# [Activity]
The listing below holds a line with "map of restaurants, bars, coffee" and a line with "Uniforme de baloncesto". Reproduce those two lines exactly, plus everything between them.
┏━━
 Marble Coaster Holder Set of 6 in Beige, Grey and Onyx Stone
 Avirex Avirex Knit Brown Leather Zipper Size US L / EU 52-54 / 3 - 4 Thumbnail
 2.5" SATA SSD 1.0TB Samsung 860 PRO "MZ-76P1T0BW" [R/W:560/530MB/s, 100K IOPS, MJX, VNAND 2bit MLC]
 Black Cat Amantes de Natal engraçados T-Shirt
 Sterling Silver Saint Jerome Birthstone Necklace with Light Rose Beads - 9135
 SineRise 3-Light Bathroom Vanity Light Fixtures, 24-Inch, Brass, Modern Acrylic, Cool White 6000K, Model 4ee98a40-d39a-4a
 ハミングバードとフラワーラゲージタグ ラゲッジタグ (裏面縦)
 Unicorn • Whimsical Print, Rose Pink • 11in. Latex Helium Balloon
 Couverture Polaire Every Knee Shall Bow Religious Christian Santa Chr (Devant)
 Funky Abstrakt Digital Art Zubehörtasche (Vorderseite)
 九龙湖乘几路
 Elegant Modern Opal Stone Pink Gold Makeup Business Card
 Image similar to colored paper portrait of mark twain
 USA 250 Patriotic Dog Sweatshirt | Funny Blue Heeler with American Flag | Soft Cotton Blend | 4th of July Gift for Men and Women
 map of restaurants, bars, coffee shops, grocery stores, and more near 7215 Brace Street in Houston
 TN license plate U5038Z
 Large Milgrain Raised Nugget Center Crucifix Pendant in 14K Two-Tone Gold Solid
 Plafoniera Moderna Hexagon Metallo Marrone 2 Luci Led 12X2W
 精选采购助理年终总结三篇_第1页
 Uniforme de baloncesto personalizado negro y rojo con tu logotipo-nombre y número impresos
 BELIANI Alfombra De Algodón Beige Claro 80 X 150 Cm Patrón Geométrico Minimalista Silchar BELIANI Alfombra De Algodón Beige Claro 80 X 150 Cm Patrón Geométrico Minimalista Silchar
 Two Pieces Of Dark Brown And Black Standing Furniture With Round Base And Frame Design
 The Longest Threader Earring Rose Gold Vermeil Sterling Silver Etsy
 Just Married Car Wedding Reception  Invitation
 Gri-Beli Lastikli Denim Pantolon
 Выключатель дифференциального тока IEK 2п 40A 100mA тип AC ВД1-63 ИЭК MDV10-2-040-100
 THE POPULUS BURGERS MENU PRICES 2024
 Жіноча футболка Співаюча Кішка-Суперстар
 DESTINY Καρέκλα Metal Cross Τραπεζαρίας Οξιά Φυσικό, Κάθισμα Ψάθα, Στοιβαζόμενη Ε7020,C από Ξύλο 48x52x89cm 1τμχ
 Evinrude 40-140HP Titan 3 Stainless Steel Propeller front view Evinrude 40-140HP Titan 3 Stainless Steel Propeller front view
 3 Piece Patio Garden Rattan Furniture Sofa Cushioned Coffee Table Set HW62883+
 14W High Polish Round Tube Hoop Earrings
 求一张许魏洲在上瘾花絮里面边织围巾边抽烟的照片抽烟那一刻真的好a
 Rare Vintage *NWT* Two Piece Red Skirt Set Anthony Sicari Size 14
┗━━
# [Result]
 map of restaurants, bars, coffee shops, grocery stores, and more near 7215 Brace Street in Houston
 TN license plate U5038Z
 Large Milgrain Raised Nugget Center Crucifix Pendant in 14K Two-Tone Gold Solid
 Plafoniera Moderna Hexagon Metallo Marrone 2 Luci Led 12X2W
 精选采购助理年终总结三篇_第1页
 Uniforme de baloncesto personalizado negro y rojo con tu logotipo-nombre y número impresos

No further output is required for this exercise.